Work task —
Exact repetition of every record is required.

Information given —

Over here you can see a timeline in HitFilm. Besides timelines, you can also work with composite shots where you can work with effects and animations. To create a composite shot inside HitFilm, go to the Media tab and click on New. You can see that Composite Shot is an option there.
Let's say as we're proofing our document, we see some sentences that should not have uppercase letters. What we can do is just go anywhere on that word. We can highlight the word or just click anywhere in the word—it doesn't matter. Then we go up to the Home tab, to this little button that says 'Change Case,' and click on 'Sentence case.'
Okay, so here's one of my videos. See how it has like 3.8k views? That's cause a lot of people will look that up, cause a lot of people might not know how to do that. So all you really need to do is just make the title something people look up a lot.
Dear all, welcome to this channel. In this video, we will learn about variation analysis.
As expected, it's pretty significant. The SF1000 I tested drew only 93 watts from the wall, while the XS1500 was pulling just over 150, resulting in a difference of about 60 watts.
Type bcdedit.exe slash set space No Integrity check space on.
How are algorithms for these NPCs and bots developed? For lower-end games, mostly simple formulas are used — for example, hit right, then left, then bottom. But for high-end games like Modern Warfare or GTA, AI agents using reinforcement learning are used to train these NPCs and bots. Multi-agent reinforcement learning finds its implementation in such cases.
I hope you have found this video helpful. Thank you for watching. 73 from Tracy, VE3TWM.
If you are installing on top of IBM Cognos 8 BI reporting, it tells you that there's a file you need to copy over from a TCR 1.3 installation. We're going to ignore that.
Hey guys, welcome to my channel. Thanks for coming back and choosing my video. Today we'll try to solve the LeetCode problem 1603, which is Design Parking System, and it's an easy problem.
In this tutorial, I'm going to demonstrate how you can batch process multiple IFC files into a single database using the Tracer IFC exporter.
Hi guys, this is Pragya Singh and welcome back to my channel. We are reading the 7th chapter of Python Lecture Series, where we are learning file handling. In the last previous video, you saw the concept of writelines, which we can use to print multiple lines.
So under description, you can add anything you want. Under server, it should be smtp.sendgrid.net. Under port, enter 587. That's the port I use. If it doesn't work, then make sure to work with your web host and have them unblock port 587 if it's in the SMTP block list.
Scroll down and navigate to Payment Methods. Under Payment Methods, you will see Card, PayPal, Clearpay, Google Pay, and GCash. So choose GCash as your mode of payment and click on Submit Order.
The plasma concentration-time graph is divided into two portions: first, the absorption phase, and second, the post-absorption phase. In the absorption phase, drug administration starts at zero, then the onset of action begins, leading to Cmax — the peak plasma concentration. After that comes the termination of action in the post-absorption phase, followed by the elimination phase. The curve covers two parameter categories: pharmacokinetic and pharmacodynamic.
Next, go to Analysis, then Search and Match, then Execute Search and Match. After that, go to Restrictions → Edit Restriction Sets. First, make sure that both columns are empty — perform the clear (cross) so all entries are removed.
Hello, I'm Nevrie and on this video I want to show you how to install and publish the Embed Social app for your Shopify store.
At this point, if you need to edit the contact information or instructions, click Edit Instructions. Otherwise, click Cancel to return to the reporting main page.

Exercise answer —
Over here you can see a timeline in HitFilm. Besides timelines, you can also work with composite shots where you can work with effects and animations. To create a composite shot inside HitFilm, go to the Media tab and click on New. You can see that Composite Shot is an option there.
Let's say as we're proofing our document, we see some sentences that should not have uppercase letters. What we can do is just go anywhere on that word. We can highlight the word or just click anywhere in the word—it doesn't matter. Then we go up to the Home tab, to this little button that says 'Change Case,' and click on 'Sentence case.'
Okay, so here's one of my videos. See how it has like 3.8k views? That's cause a lot of people will look that up, cause a lot of people might not know how to do that. So all you really need to do is just make the title something people look up a lot.
Dear all, welcome to this channel. In this video, we will learn about variation analysis.
As expected, it's pretty significant. The SF1000 I tested drew only 93 watts from the wall, while the XS1500 was pulling just over 150, resulting in a difference of about 60 watts.
Type bcdedit.exe slash set space No Integrity check space on.
How are algorithms for these NPCs and bots developed? For lower-end games, mostly simple formulas are used — for example, hit right, then left, then bottom. But for high-end games like Modern Warfare or GTA, AI agents using reinforcement learning are used to train these NPCs and bots. Multi-agent reinforcement learning finds its implementation in such cases.
I hope you have found this video helpful. Thank you for watching. 73 from Tracy, VE3TWM.
If you are installing on top of IBM Cognos 8 BI reporting, it tells you that there's a file you need to copy over from a TCR 1.3 installation. We're going to ignore that.
Hey guys, welcome to my channel. Thanks for coming back and choosing my video. Today we'll try to solve the LeetCode problem 1603, which is Design Parking System, and it's an easy problem.
In this tutorial, I'm going to demonstrate how you can batch process multiple IFC files into a single database using the Tracer IFC exporter.
Hi guys, this is Pragya Singh and welcome back to my channel. We are reading the 7th chapter of Python Lecture Series, where we are learning file handling. In the last previous video, you saw the concept of writelines, which we can use to print multiple lines.
So under description, you can add anything you want. Under server, it should be smtp.sendgrid.net. Under port, enter 587. That's the port I use. If it doesn't work, then make sure to work with your web host and have them unblock port 587 if it's in the SMTP block list.
Scroll down and navigate to Payment Methods. Under Payment Methods, you will see Card, PayPal, Clearpay, Google Pay, and GCash. So choose GCash as your mode of payment and click on Submit Order.
The plasma concentration-time graph is divided into two portions: first, the absorption phase, and second, the post-absorption phase. In the absorption phase, drug administration starts at zero, then the onset of action begins, leading to Cmax — the peak plasma concentration. After that comes the termination of action in the post-absorption phase, followed by the elimination phase. The curve covers two parameter categories: pharmacokinetic and pharmacodynamic.
Next, go to Analysis, then Search and Match, then Execute Search and Match. After that, go to Restrictions → Edit Restriction Sets. First, make sure that both columns are empty — perform the clear (cross) so all entries are removed.
Hello, I'm Nevrie and on this video I want to show you how to install and publish the Embed Social app for your Shopify store.
At this point, if you need to edit the contact information or instructions, click Edit Instructions. Otherwise, click Cancel to return to the reporting main page.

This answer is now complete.